Susan H. Driskill was born in 1827 in Kentucky.  At the age of 17, she married James Harvey Latham on September 25, 1844 in Clarksville, Tennessee.  They settled in Todd County, Kentucky, where they lived at the time the 1850 census was taken. Sometime between 1854 and 1856, the Lathams moved to Greeneville, Muhlenberg County, Kentucky.

James and Susan had nine children; seven of them survived childhood.  Two year-old Cordelia and baby Stephen, just 11 days old, died from scarlet fever in 1856. James and Susan's youngest child, Harvey Edward Latham, was born less than a month before his father was mustered in with his regiment on October 10, 1861.

It is doubtful that James Harvey Latham ever saw his wife or children again -- he died less than a year later. On the day of his death, he was quickly buried at the Nashville City Cemetery, then was later re-interred at the Nashville National Cemetery.  It does not seem likely that Susan would have been able to visit her husband's grave.  She had young children to care for, Nashville was over 100 miles away, and wartime made it unsafe to travel.

At the start of the Civil War, Kentucky was one of the neutral "border states", split in two over the issues of slavery and seccession.  Since it was a strategically important stronghold to both the North and South, Kentucky saw many fierce battles, many of them not far from where the Lathams lived. Perhaps this explains why Susan Latham and her seven childen moved to Hamilton County, Illinois between 1863 and 1864.

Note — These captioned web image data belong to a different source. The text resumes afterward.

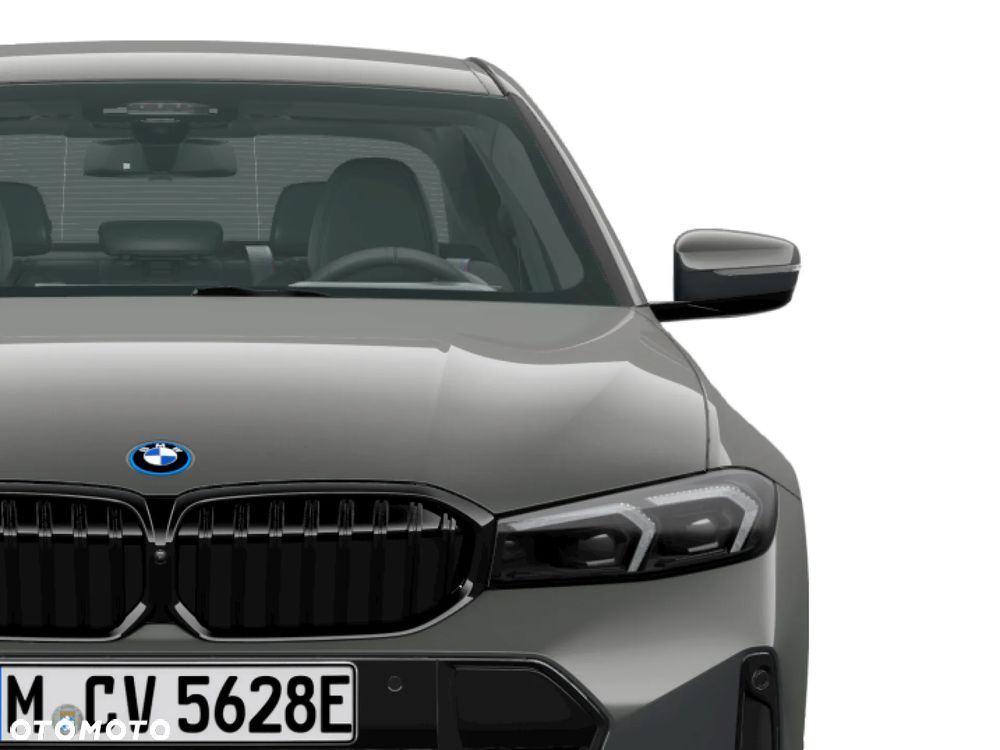 BMW 3 Series 2025 photo 2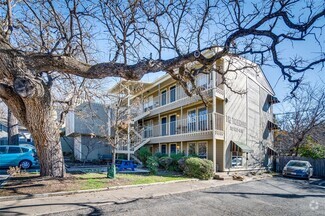 Building Photo - 202 E 45th St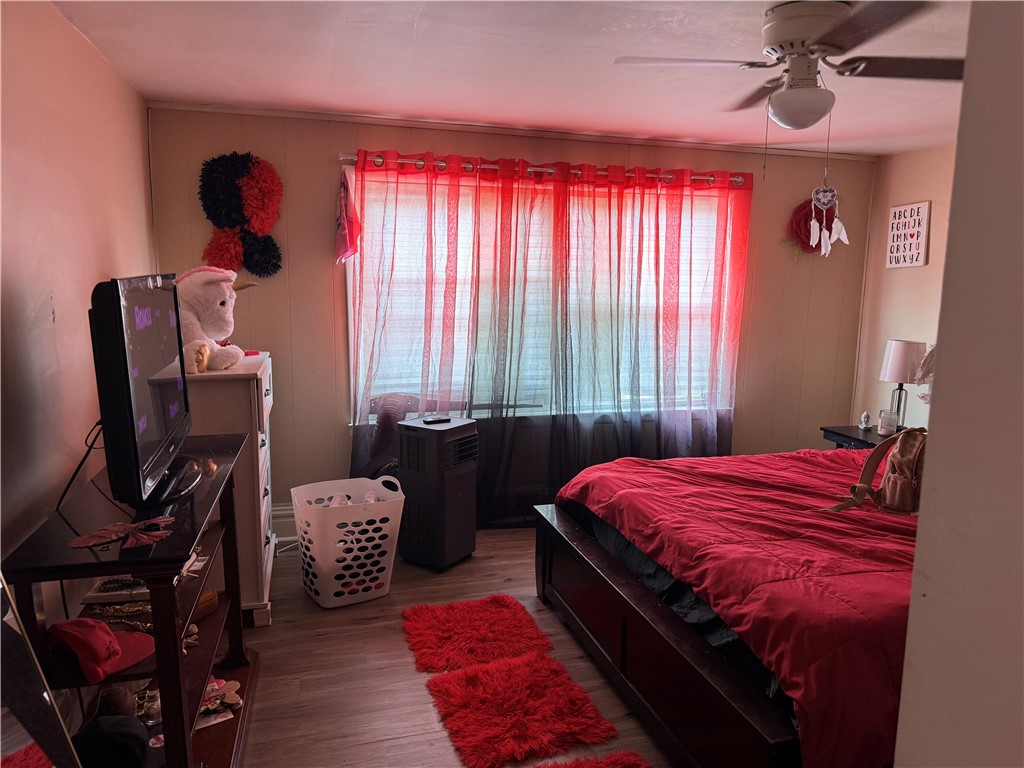 1207 Huron Ave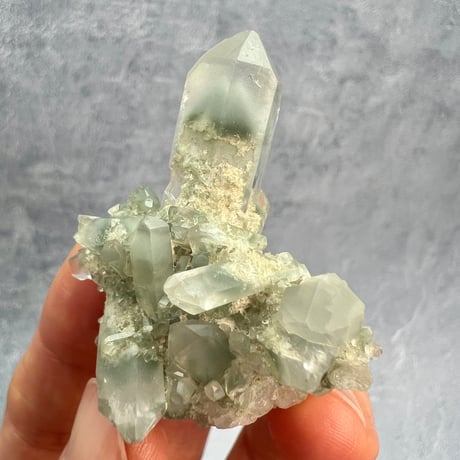 【マナスル産】クローライトイン天然ヒマラヤ水晶①/Manaslu Chlorite in Himalayan Quartz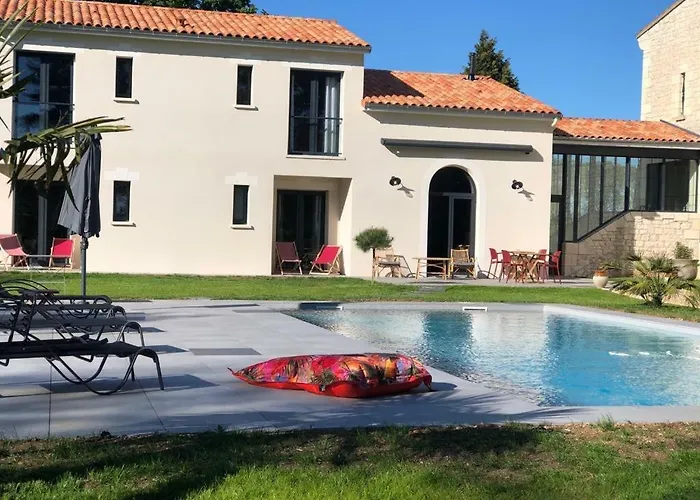 L Esprit Du Clain D Hotes De Standing Proches Du Futuroscope Golf Et De St Cyr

On October 12, 1864, Susan married Edmund Hawthorn, a widower, in Hamilton County.  She was 37; he was 51.  Edmund became the guardian for Susan's younger children, and his signature appears on the marriage license for my third great grandfather, John Wesley Latham.  Edmund and Susan had one daughter, Ida, who was born on June 13, 1867.  Susan's three oldest children (George, John, and Sophronia) were married and lived nearby -- and Susan now had three grandchildren.

Then, on November 20, 1869, Edmund Hawthorn died in Logansport, Illinois.  Susan was widowed twice by the time she was 42 years old.  But what happened to Susan after Edmund Hawthorn died? Unfortunately, I don't know.  Susan Hawthorn appears in the 1870 census with her four youngest children, but I haven't been able to find her in any records after that.  Perhaps she married a third time, or maybe she died before the 1880 census was taken.

Recently, I was able to connect with a cousin partly because of this blog!  She read my post on James Harvey Latham and visited his grave in Nashville a few weeks ago.  I have wanted to visit his grave myself for a long time, and it would be even more meaningful now that I know about Susan.